To be honest, there is little to talk about; the scenery was fair, but is nothing worthwhile to talk about. There was still a strong easterly headwind that made life difficult when road become fully exposed. I decided to keep to the shorter more direct route that would take me through villages and was fortunatly lined with tress half of the way. It was splendid so seem fields filled with flowers and even some wind mills.
Reaching Germany was another milestone turned. Despite the relatively small size of Holland, another country is a powerful feeling of accomplishment. The past three weeks have been tough going and I’d never before appreciate how making small steps in the grande scheme of things had become important.
Already, people seemed more interested and I got a few smiles and even a couple of ‘Hallos’ and some German that I couldn’t exactly make out – but it spurred me on with an increasing enthusiasm.
The wind was still evident and having stopped it became noticeably chilly, even with the sun out.

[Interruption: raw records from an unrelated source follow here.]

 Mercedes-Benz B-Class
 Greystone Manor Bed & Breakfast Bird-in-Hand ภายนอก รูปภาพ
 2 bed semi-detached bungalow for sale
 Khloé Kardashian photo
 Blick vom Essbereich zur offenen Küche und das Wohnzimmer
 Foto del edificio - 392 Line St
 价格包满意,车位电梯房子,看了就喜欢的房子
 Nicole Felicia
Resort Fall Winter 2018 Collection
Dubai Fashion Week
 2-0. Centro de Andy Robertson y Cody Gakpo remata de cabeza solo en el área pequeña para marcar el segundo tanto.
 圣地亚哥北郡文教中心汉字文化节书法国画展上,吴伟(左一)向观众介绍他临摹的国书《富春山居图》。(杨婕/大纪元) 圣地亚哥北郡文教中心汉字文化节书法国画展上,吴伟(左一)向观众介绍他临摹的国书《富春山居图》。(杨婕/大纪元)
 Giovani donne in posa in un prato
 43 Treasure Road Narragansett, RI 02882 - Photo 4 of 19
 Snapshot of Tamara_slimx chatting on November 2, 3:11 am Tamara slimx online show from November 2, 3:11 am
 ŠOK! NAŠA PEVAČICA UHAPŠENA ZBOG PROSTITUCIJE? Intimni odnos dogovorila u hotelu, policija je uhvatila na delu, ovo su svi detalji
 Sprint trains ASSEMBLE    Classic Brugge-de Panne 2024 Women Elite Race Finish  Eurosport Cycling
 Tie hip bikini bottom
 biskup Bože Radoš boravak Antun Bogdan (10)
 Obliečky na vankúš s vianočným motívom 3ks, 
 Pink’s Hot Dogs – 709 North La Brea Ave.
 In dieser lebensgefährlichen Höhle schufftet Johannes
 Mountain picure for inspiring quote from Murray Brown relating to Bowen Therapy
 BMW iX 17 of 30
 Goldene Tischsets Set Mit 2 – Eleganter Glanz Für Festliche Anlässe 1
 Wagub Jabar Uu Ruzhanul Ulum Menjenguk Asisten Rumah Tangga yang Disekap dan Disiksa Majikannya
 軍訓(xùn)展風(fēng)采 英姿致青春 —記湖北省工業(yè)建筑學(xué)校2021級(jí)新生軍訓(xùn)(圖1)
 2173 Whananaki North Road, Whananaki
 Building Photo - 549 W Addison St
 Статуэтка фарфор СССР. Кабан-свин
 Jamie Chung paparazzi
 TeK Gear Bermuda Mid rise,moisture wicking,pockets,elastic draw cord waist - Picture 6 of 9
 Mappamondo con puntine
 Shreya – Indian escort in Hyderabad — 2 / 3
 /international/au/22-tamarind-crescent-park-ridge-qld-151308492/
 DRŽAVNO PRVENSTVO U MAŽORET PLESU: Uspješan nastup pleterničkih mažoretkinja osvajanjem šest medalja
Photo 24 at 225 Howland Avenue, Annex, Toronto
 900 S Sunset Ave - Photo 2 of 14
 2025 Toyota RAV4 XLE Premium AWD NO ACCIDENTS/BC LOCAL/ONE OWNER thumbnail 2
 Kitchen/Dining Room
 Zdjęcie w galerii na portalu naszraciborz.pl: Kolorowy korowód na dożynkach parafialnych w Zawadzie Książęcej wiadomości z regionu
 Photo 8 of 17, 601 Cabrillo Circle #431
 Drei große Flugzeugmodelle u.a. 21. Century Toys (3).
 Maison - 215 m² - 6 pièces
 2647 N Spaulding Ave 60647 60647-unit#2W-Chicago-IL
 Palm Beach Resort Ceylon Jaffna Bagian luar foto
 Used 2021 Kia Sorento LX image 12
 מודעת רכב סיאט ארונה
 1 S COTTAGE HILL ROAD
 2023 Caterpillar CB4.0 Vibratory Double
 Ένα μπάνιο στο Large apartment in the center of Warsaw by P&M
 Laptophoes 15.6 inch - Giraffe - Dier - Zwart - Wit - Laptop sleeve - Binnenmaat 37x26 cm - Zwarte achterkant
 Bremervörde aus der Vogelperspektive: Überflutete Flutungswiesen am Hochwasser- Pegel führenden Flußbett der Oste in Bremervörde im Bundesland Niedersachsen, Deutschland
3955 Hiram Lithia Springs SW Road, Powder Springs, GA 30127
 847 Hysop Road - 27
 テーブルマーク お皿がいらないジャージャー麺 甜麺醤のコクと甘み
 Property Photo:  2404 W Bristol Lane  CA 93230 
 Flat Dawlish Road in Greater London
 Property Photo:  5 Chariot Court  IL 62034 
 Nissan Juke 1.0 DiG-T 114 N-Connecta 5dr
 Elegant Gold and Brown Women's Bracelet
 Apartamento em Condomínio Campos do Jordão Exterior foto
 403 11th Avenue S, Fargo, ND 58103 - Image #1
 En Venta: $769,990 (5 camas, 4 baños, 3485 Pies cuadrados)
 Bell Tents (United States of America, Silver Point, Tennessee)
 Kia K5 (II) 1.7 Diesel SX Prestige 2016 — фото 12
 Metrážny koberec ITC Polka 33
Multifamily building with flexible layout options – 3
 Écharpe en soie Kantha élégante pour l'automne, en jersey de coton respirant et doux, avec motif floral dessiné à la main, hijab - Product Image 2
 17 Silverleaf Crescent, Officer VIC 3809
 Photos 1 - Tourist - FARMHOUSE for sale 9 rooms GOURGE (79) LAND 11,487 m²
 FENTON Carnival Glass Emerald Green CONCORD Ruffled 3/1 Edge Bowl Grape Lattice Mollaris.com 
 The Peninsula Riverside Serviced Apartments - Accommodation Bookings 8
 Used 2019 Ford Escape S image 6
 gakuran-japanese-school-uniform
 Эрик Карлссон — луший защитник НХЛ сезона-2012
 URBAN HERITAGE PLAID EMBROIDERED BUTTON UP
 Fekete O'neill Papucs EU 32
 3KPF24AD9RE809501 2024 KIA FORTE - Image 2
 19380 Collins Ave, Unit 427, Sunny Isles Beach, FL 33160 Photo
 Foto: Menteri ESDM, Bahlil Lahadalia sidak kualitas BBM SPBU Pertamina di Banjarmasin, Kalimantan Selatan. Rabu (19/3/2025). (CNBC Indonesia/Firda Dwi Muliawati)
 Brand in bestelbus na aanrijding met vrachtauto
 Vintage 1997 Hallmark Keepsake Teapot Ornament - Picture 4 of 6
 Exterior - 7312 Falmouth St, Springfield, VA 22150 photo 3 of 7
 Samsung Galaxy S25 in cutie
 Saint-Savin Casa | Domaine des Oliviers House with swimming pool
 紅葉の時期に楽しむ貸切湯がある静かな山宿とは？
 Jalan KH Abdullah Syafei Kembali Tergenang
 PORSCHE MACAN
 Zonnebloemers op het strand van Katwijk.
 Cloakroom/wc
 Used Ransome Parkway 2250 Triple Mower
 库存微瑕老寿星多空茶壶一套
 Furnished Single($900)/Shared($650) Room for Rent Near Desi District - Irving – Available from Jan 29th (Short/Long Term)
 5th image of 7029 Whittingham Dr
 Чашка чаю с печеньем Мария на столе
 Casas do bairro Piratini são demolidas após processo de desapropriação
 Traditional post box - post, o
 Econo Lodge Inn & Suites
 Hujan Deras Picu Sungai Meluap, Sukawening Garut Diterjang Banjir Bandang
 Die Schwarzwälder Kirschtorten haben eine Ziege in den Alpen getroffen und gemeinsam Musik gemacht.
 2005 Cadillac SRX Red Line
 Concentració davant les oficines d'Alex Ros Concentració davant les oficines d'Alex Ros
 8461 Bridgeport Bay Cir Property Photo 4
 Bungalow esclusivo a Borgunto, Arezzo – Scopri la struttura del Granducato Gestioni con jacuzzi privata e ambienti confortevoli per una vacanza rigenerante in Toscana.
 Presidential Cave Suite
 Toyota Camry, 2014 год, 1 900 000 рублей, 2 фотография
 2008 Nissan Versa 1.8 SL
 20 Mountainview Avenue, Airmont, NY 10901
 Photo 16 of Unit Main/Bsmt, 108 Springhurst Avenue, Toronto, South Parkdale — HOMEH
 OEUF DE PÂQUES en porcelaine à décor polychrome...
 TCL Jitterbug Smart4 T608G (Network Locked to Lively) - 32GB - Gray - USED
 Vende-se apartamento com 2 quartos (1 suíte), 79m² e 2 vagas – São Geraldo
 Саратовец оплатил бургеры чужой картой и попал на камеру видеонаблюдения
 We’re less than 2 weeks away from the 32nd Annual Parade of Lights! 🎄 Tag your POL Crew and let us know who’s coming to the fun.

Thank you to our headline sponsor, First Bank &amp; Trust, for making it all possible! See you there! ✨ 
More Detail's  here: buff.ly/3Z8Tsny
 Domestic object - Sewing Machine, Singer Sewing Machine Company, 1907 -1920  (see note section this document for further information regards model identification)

I reached Emmerich, where there is a bridge crossing over the rhine – there are ferrys but with the season ended; very few still continue to regularly run. I decided to cross onto the west side of the Rhine to later avoid the very Industrial Duisburg near Dusseldorf – after venturing through three years ago.
I continued on – my speedometer, kept resetting itself, so I was unsure what mileage I currently stood out. Since there was little much to do, I decided to continue pedalling on.
Much of the evening, was travelling through endless fields of maize. Accordingly by this time, my legs were beginning to feel weak, and my head felt numb with tiredness. Each pedal stroke felt attenuated and pronounced as I struggled with the remainder of my travel today – the spires of the Cathedral in the distance becoming prominent the closer I got. The small section of route followed the pilgrims route – “via Romana” indicated by the signs with a shell, which usually finds its end at Santiago de Compostella.
I reached a small historic town called Xanten. Here they have a gothic catherdal and a few old buildings that give it a characterstic charm. The town is 2000 years old and is the former important Roman settlement that served the Rhine region with a few reminants of its past set as a reminder.
Having arrived late, nothing much was open. I had a quick glance inside the Catherdral, but otherwise it has been an evening gorging on food trying to get a decent recovery in for tomorrow. The meal consisted of tomato soup, with bacon and smoked sausage. It began plesant but became a chore to finish as it got cold – no grease was spared.
I was disappointed to find no cafe or restaurant had WIFI. Nevertheless, it was plesant to get asked a few times what I was doing and certainly got some looks from the Cafe with the Al Fresco dining. I was asked later for a Stadtrunfahrt – or a Tour around town by two guys. I was midway through dinner and was shattered so I decided to not bother, and they didn’t seem as if they were going to be inquisative.
In short, a fairly average day of pedalling the rickshaw. I can definitely say tonights sleep will be well earnt.